*TASK TO COMPLETE*
Would you please return the data below verbatim, without its pictures?

○ ○ ○

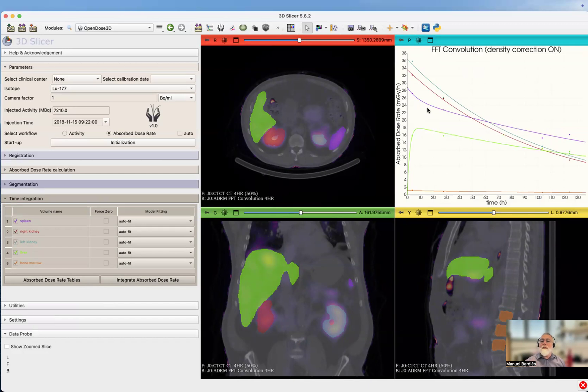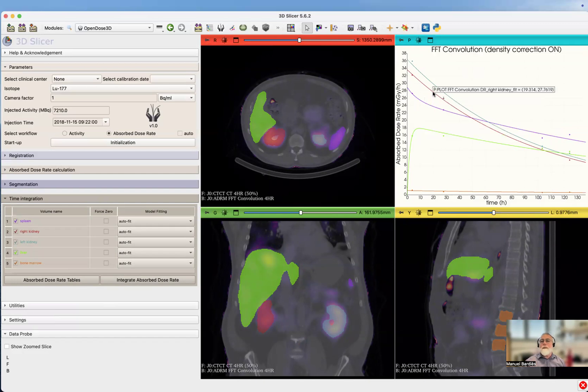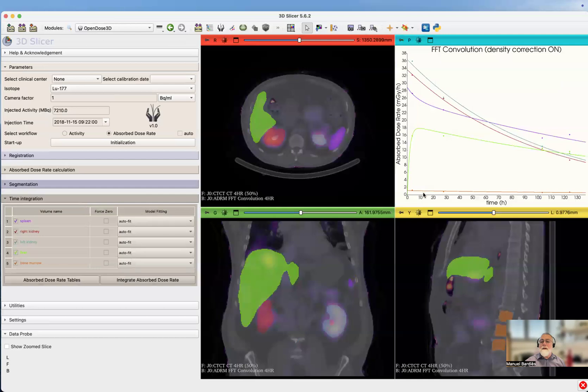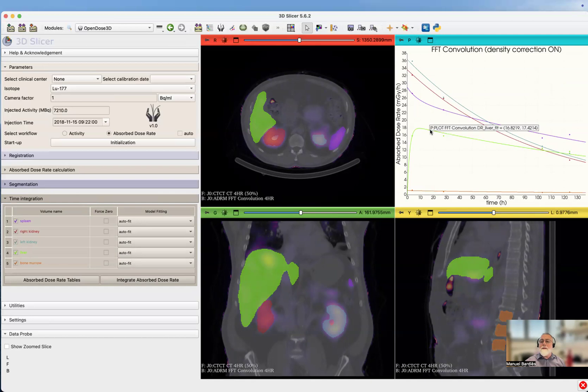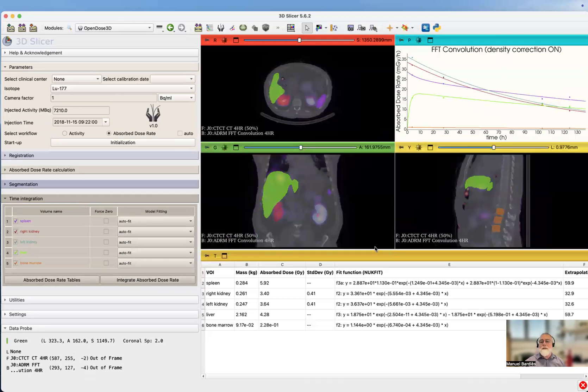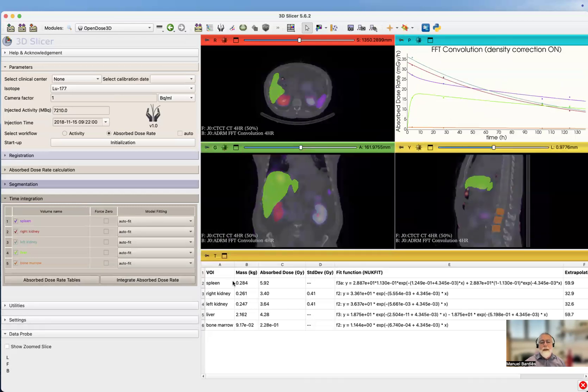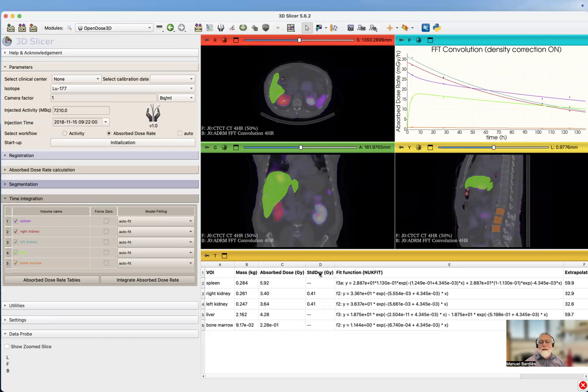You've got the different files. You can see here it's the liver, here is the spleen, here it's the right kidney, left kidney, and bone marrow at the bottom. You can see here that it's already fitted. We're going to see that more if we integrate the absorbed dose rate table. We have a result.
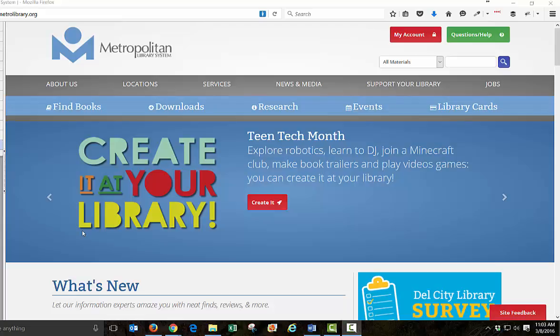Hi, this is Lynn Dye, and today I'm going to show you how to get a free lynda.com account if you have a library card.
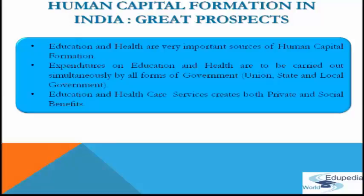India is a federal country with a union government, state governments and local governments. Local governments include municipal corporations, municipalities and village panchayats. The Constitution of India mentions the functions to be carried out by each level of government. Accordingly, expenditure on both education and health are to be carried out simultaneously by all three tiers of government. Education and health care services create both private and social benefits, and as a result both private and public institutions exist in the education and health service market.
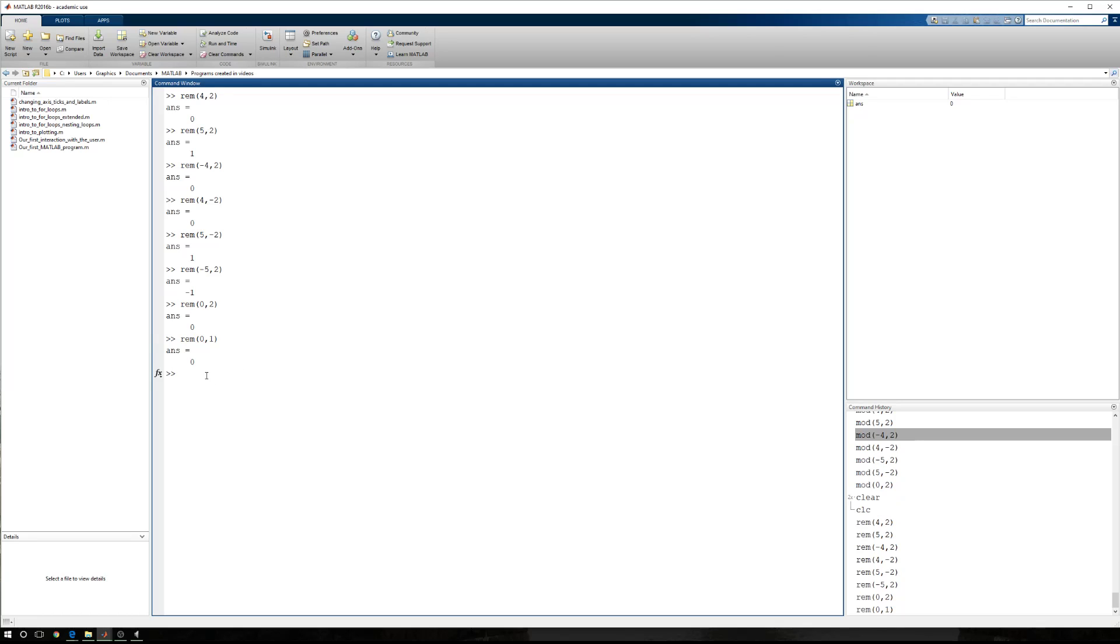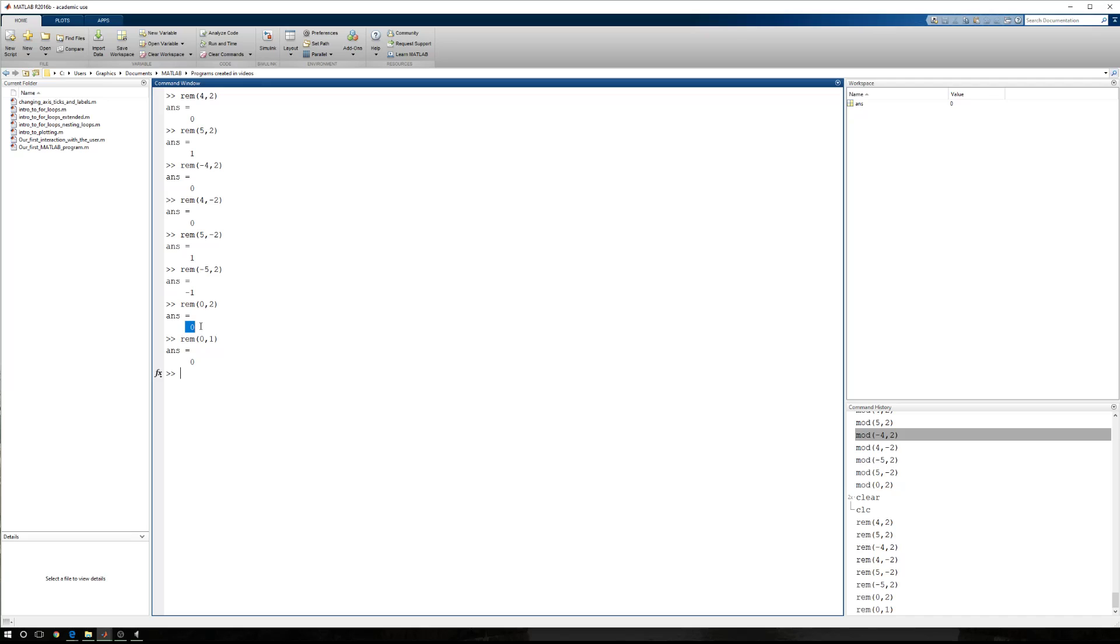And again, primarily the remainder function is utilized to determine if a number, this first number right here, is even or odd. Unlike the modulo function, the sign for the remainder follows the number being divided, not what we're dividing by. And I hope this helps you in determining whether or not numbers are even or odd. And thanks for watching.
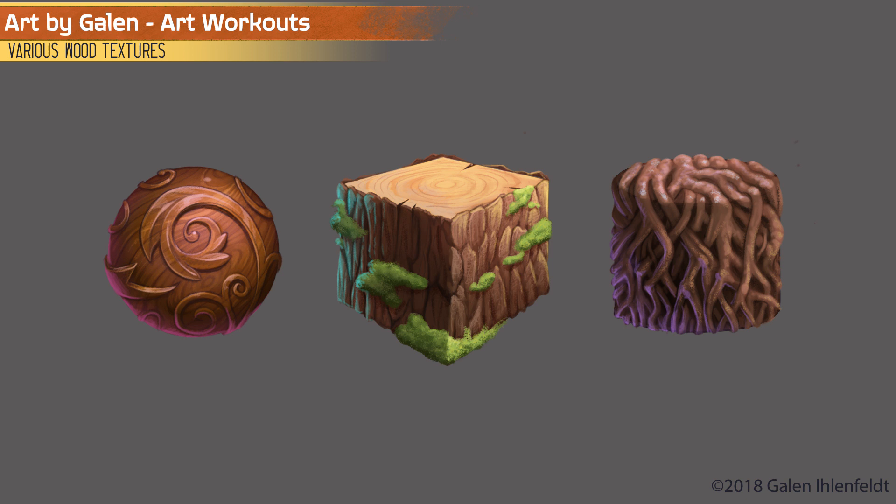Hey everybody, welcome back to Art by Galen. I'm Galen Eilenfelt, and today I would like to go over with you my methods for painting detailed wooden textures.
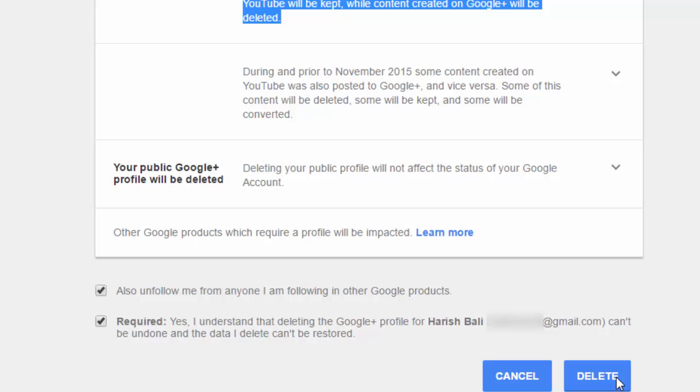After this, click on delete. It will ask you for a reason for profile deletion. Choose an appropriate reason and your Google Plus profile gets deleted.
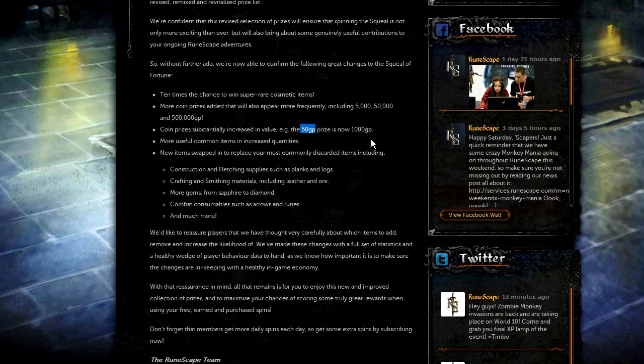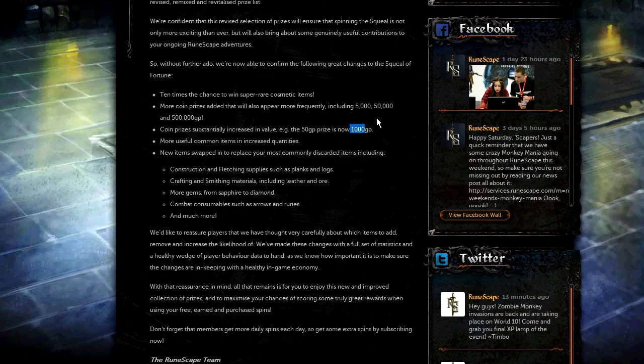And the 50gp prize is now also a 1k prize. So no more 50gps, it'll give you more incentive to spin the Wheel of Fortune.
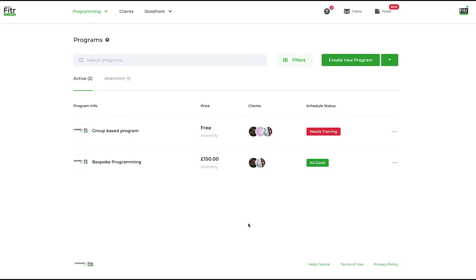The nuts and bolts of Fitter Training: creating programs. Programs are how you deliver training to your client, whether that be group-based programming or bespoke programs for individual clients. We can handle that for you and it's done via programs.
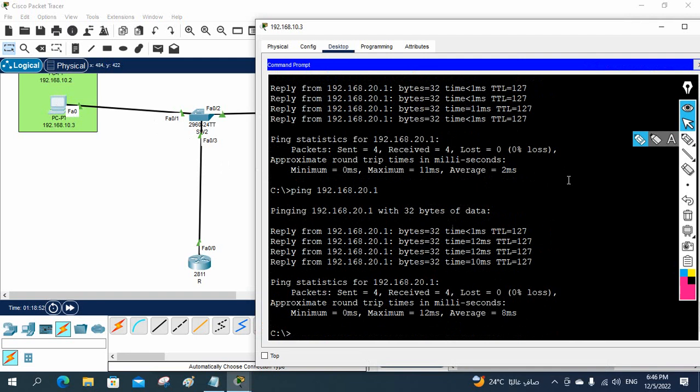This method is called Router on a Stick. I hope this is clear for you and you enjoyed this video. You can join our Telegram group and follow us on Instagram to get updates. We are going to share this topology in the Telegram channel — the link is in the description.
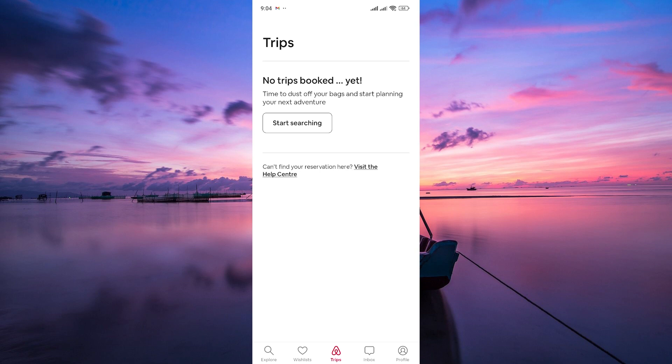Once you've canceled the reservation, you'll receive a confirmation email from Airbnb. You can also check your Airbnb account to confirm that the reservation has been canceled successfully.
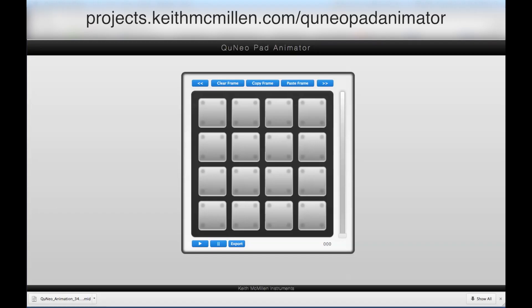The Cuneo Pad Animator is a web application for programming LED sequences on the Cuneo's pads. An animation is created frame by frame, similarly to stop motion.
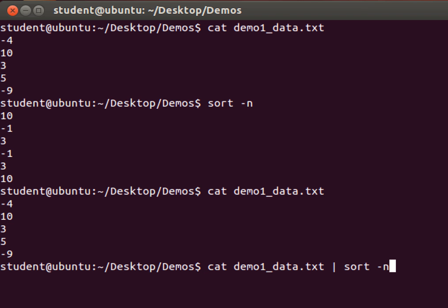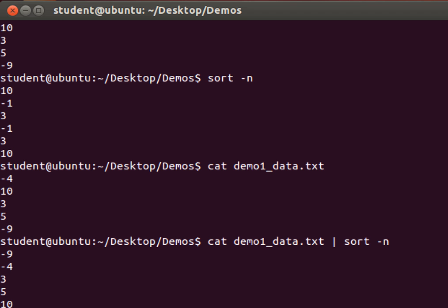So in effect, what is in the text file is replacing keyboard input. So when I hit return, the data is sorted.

○ ○ ○

*TASK OUTPUT*
You've got the different files. You can see here it's the liver, here is the spleen, here it's the right kidney, left kidney, and bone marrow at the bottom. You can see here that it's already fitted. We're going to see that more if we integrate the absorbed dose rate table. We have a result.
Hi, this is Lynn Dye, and today I'm going to show you how to get a free lynda.com account if you have a library card.
India is a federal country with a union government, state governments and local governments. Local governments include municipal corporations, municipalities and village panchayats. The Constitution of India mentions the functions to be carried out by each level of government. Accordingly, expenditure on both education and health are to be carried out simultaneously by all three tiers of government. Education and health care services create both private and social benefits, and as a result both private and public institutions exist in the education and health service market.
And again, primarily the remainder function is utilized to determine if a number, this first number right here, is even or odd. Unlike the modulo function, the sign for the remainder follows the number being divided, not what we're dividing by. And I hope this helps you in determining whether or not numbers are even or odd. And thanks for watching.
Hey everybody, welcome back to Art by Galen. I'm Galen Eilenfelt, and today I would like to go over with you my methods for painting detailed wooden textures.
After this, click on delete. It will ask you for a reason for profile deletion. Choose an appropriate reason and your Google Plus profile gets deleted.
And the 50gp prize is now also a 1k prize. So no more 50gps, it'll give you more incentive to spin the Wheel of Fortune.
The nuts and bolts of Fitter Training: creating programs. Programs are how you deliver training to your client, whether that be group-based programming or bespoke programs for individual clients. We can handle that for you and it's done via programs.
This method is called Router on a Stick. I hope this is clear for you and you enjoyed this video. You can join our Telegram group and follow us on Instagram to get updates. We are going to share this topology in the Telegram channel — the link is in the description.
Once you've canceled the reservation, you'll receive a confirmation email from Airbnb. You can also check your Airbnb account to confirm that the reservation has been canceled successfully.
The Cuneo Pad Animator is a web application for programming LED sequences on the Cuneo's pads. An animation is created frame by frame, similarly to stop motion.
So in effect, what is in the text file is replacing keyboard input. So when I hit return, the data is sorted.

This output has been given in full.